| TASK TO COMPLETE |
After locating the line that contains "11-Inch Black Inflatable", quote it and all lines after it through the end of the entries, and nothing more. Pictures stay out.

(Pictures with short captions)
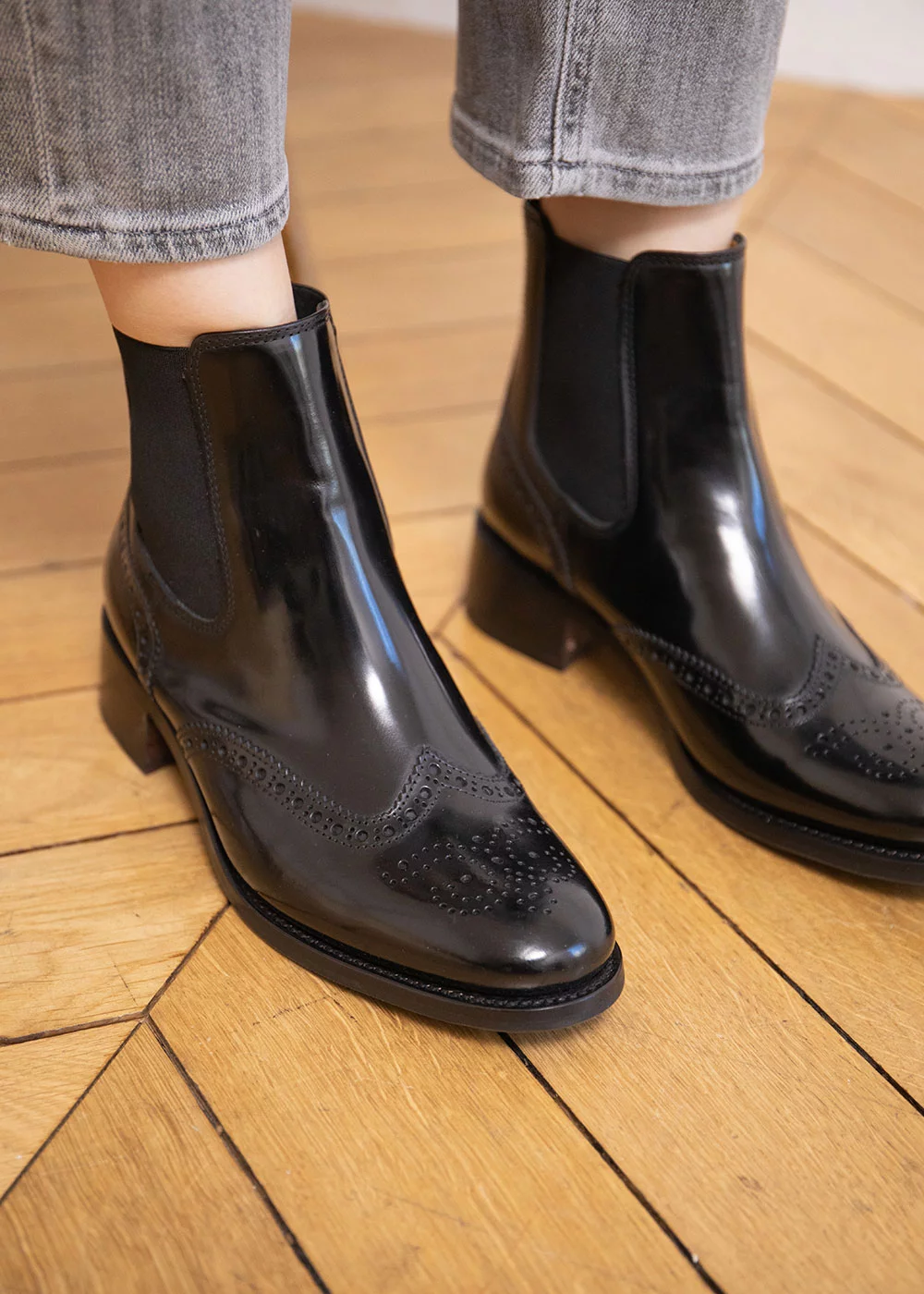 H WING TIP CHELSEA SPAZZOLATO NOIR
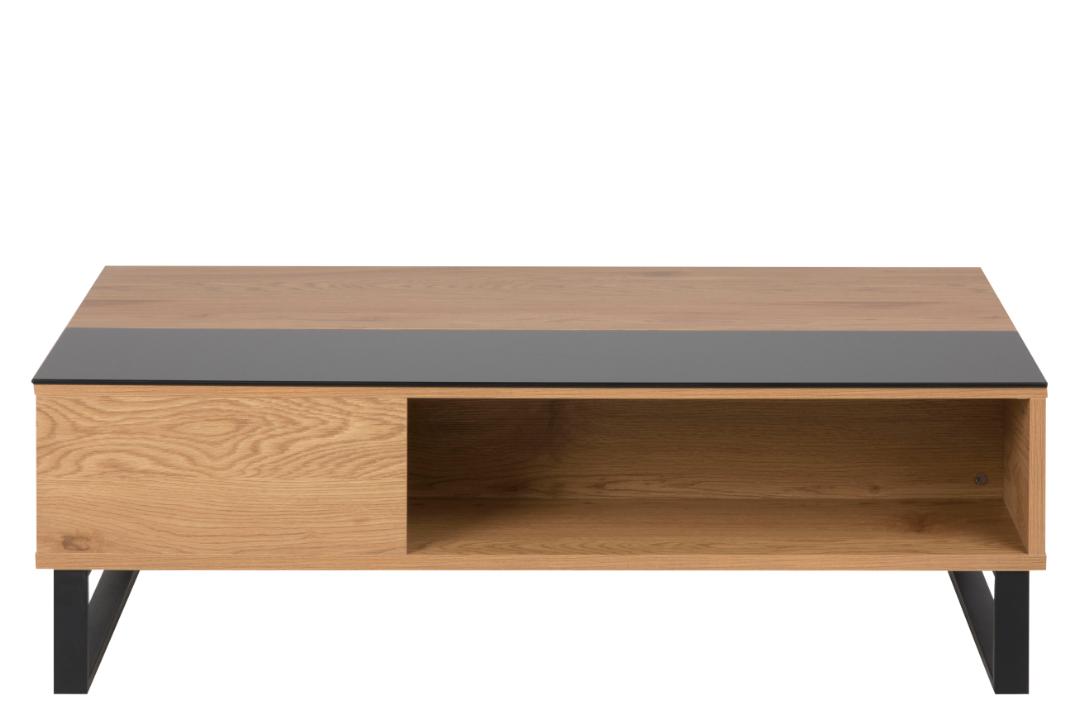 Salontafel Azalea 8211 Zwart Glas 8211 Wild Eiken Melamine 8211 Metaal
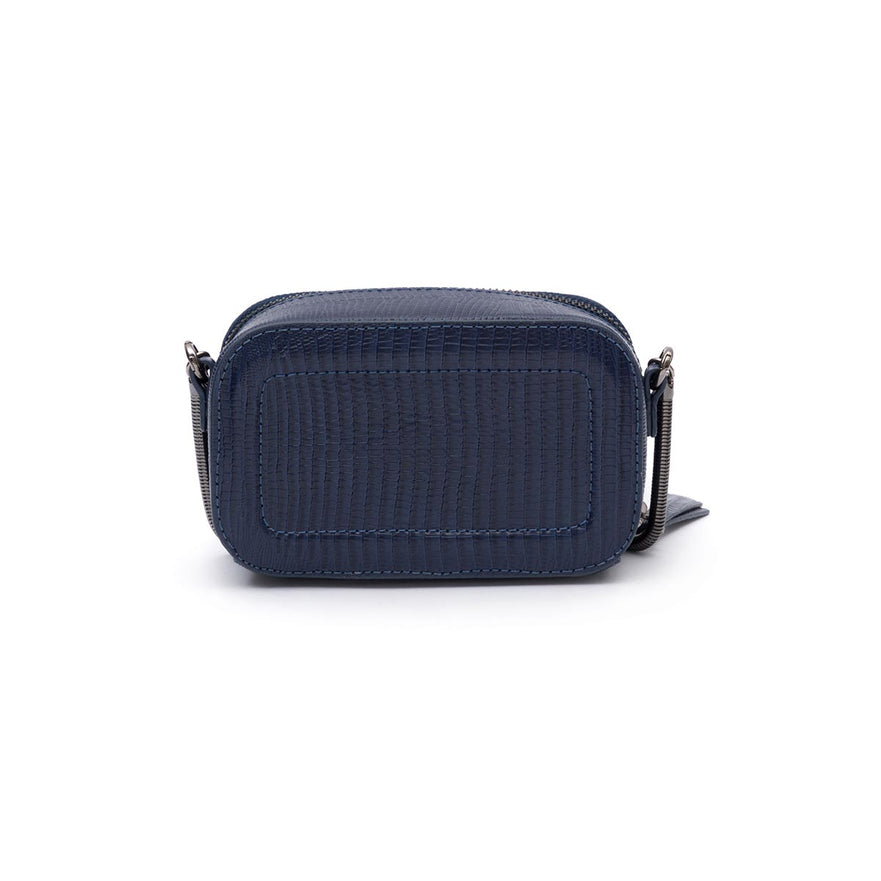 BOLSA MINI  DANCE EM COURO LIZARD MARINHO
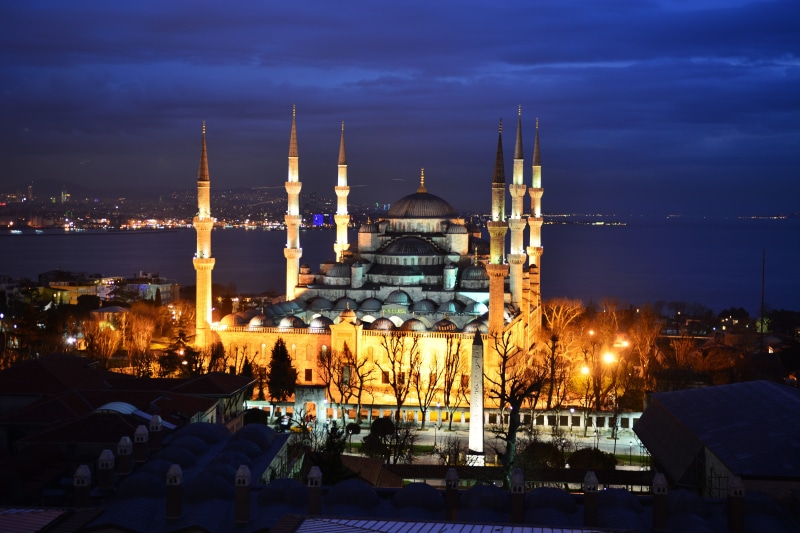 cami, aerial photography, built structure, cloud - sky, istanbul, turkish, building, illuminated, dusk, near, sunset, photography, cityscape, belief, mosque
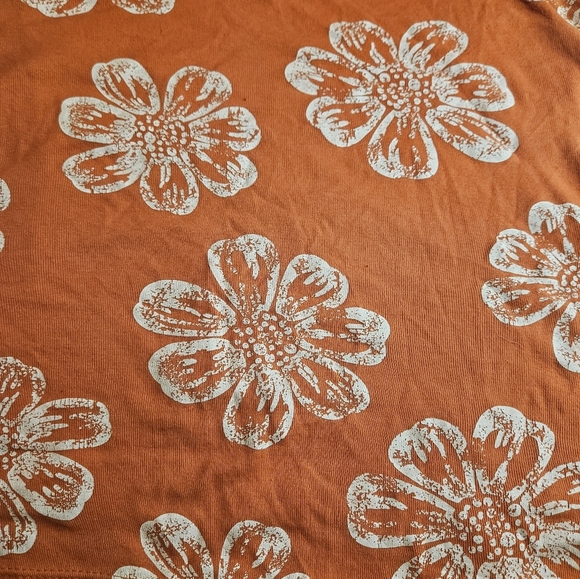 Willi Smith Womens Orange With White Flowers Throughout Tank Top Size Large - Picture 2 of 9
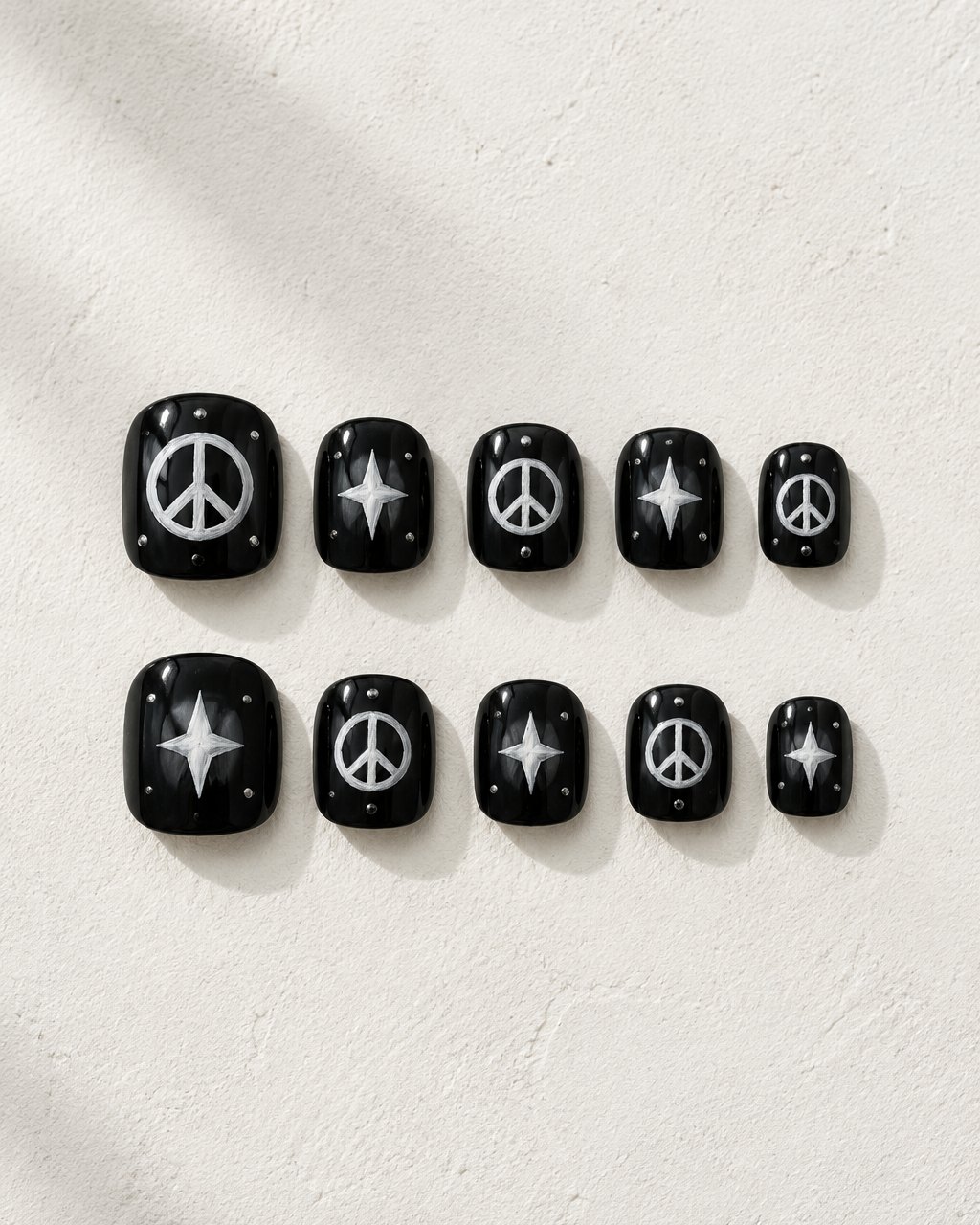 Peace Star hand-painted press-on nail set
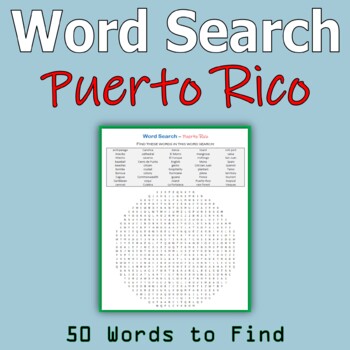 Preview of Puerto Rico - Word Search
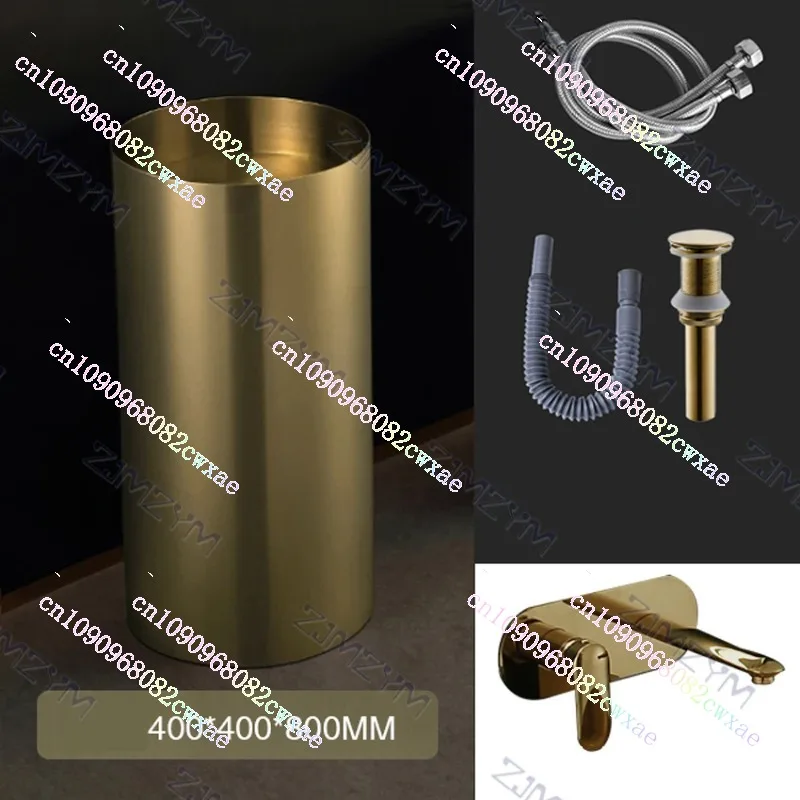 Stainless Steel Wash Basin Floor-standing+Faucet+Copper Drain+Drain Pipe+70CM Inlet Pipe Light Luxury Bathroom Basin 80*40CM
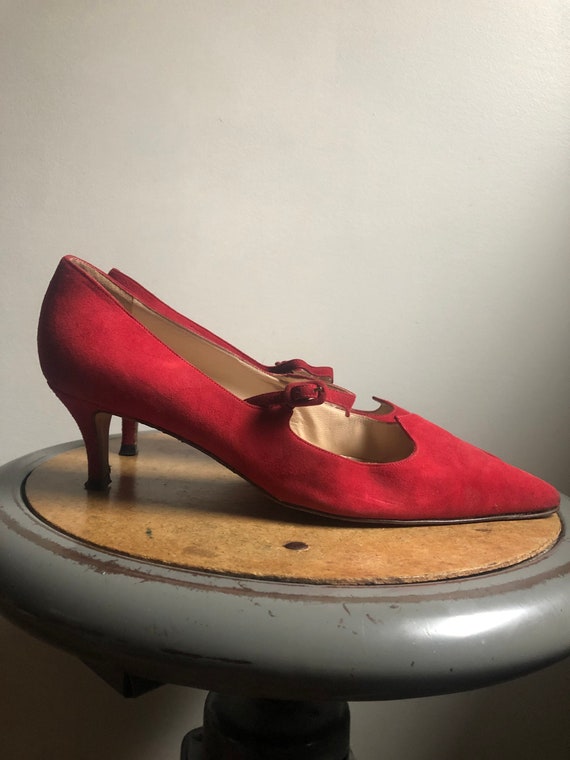 Manolo Blahnik red suede Mary Janes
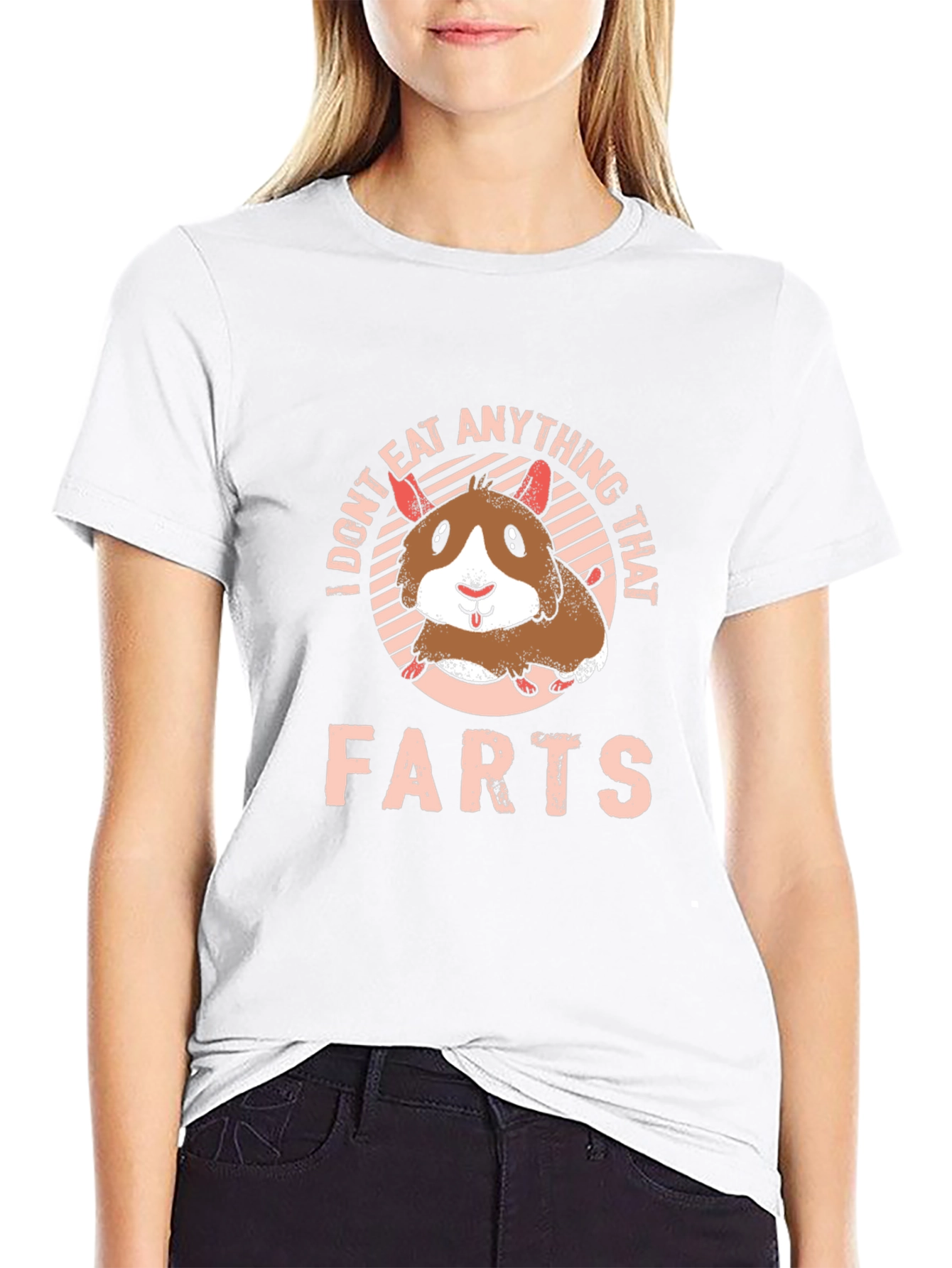 Black Funny Hamster Graphic T-Shirt - "I Don't Eat Anything That Farts" view 9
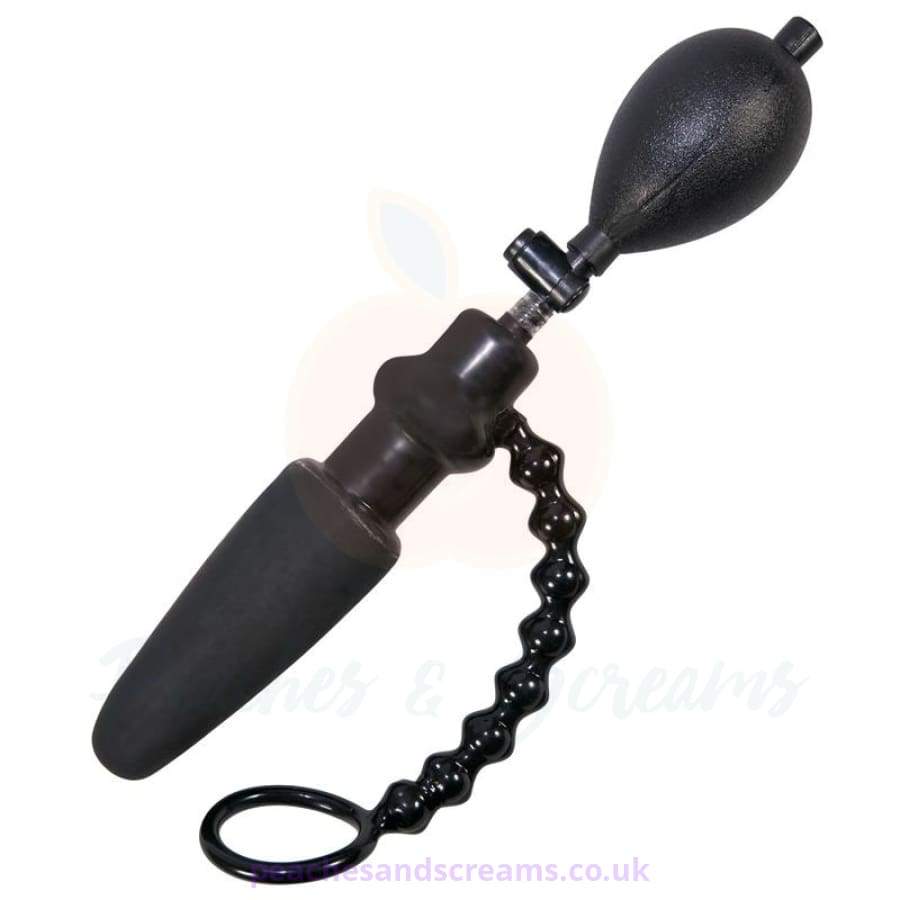 11-Inch Black Inflatable Double Devotion Butt Plug with Cock Ring
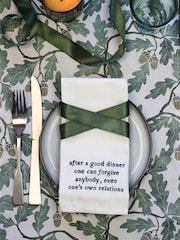 Avalon Home Set of 4 White Literary Collection Napkins 100% Cotton Gift Box - Image 3 of 5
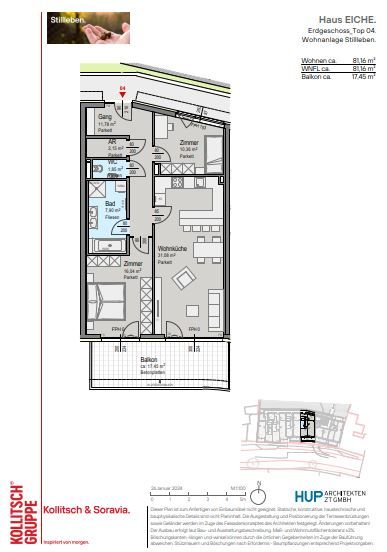 PROVISIONSFREI: Perfekt aufgeteilte, s�dseitige Balkonwohnung mit 3 Zimmern im Gr�nen - zu kaufen in 2391 Kaltenleutgeben /  / 2391&nbsp;Kaltenleutgeben / Bild 6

| RESPONSE TO THE TASK |
 11-Inch Black Inflatable Double Devotion Butt Plug with Cock Ring
 Avalon Home Set of 4 White Literary Collection Napkins 100% Cotton Gift Box - Image 3 of 5
 PROVISIONSFREI: Perfekt aufgeteilte, s�dseitige Balkonwohnung mit 3 Zimmern im Gr�nen - zu kaufen in 2391 Kaltenleutgeben /  / 2391&nbsp;Kaltenleutgeben / Bild 6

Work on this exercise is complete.